Multiple causes may lead to the same hazardous event; and, therefore, multiple
event scenarios may initiate action of one IPL.
Independence
An IPL is independent of the other protection
layers associated with the identified danger.
Dependability
It can be counted on to do what it was
designed to do. Both random and systematic failures modes are addressed in the
design.
Auditability
It is designed to facilitate regular
validation of the protective functions. Proof testing and maintenance of the
safety system is necessary. Only those protection layers that meet the tests of
availability, specificity, independence, dependability, and auditability are
classified as Independent Protection Layers.
19. Decision Tree
Decision trees are
a simple, but powerful form of multiple variable analysis, which provide unique
capabilities to supplement, complement, and substitute for traditional
statistical forms of analysis (such as multiple linear regression) with variety
of data mining tools and techniques (such as neural networks) as well as
recently developed multidimensional forms of reporting and analysis found in
the field of business intelligence.

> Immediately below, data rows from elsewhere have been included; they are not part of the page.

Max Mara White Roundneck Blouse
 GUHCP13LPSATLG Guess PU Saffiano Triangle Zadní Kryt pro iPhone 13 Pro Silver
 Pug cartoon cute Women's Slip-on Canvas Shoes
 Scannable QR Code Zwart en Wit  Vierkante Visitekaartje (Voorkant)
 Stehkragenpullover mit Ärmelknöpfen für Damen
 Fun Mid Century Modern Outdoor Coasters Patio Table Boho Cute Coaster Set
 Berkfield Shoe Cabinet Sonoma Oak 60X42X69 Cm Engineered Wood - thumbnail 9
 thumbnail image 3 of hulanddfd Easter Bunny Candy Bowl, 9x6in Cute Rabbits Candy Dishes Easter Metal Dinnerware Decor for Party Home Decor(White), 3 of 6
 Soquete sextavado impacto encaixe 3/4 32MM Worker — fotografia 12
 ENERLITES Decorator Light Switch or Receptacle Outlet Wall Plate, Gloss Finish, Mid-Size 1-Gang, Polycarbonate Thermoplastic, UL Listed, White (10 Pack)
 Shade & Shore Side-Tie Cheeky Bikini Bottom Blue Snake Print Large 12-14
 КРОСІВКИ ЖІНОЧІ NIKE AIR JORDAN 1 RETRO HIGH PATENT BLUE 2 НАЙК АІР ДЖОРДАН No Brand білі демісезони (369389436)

A decision tree is a graph that uses a
branching method to illustrate every possible outcome of a decision. Decision
tree builds classification or regression models in the form of a tree structure,
which breaks down a data-set into smaller and smaller subsets while at the same
time an associated decision tree is incrementally developed. The final result
is a tree with decision nodes and leaf nodes, where a decision
node (e.g., Outlook) has two or more branches (e.g., Sunny, Overcast and
Rainy). Leaf node (e.g., Play) represents a classification or decision, whereas
the topmost decision node in a tree which corresponds to the best predictor
called root node.
Decision trees can
handle both categorical and numerical data. Decision trees can be drawn by hand
or created with a graphics program or specialized software. Informally,
decision trees are useful for focusing discussion when a group must make a
decision. Programmatically, they can be used to assign monetary/time or other
values to possible outcomes so that decisions can be automated. Decision
tree software is used in data mining to simplify complex
strategic challenges and evaluate the cost-effectiveness of research and
business decisions. Variables in a decision tree are usually represented by
circles.
Drawing a Decision Tree
You start a
Decision Tree with a decision that you need to make, and draw a small
square to represent this towards the left of a large piece of paper.
From this box draw
out lines towards the right for each possible solution, and write that solution
along the line. Keep the lines apart as far as possible so that you can expand
your thoughts.
At the end of each
line, consider the results. If the result of taking that decision is uncertain,
draw a small circle.
If the result is
another decision that you need to make, draw another square. Squares represent
decisions, and circles represent uncertain outcomes.
Write the decision
or factor above the square or circle. If you have completed the solution at the
end of the line, just leave it blank.
Starting from the
new decision squares on your diagram, draw out lines representing the options
that you could select. From the circles draw lines representing possible
outcomes.
Again make a brief
note on the line saying what it means.
Keep on doing this
until you have drawn out as many of the possible outcomes and decisions as you
can see leading on from the original decisions.
20.
Human Reliability Analysis
Human
reliability assessment (HRA) is the common name for an assortment of methods
and models that are used to predict the occurrence of ‘human errors’. While the
origin of HRA is in Probabilistic Safety Assessment (PSA), HRA is increasingly
being used on its own both as a way to assess the risks from ‘human error’ and
as a way to reduce system vulnerability. According to the three principal
functions of HRA are:
Identifying
what errors can occur (Human Error
Identification),
Deciding
how likely the errors are to occur (Human
Error Quantification), and,
Enhancing
human reliability by reducing the given error likelihood (Human Error Reduction), if appropriate.
Thus
anticipating failures of joint human-machine systems requires an underlying
model. This should not be a model of human information processing in disguise,
but a model of how human performance is determined by – hence reflects – the
context or circumstances, i.e., a model of joint system performance rather than
of individual human actions.
Human reliability
assessment deals with the impact of humans on system performance and can be
used to evaluate human error influences on the system. At the risk of stating
the obvious, human reliability is very important due to the contributions of
humans to the resilience of systems and to possible adverse consequences of
human errors or oversights, especially when the human is a crucial part of
today’s large socio-technical systems. A variety of methods exist for human
reliability analysis. These break down into two basic classes of assessment
methods, that are probabilistic risk assessment (PRA) and those based on a
cognitive theory of control. In 2009, the Health and Safety Laboratory
compiled a report for the Health and Safety Executive (HSE) outlining HRA
methods for review. They identified 35 tools that constituted true HRA
techniques and that could be used effectively in the context of health and
safety management.
Conducting a HRA requires people with
expertise in conducting such methods where you need to follow these steps to
prepare a risk model based on HRA.
1. Understand the actions being investigated
2. Use a structured approach to investigate and
represent the actions (task analysis)
3. Consider the level of detail needed (compare
with description detail of available data)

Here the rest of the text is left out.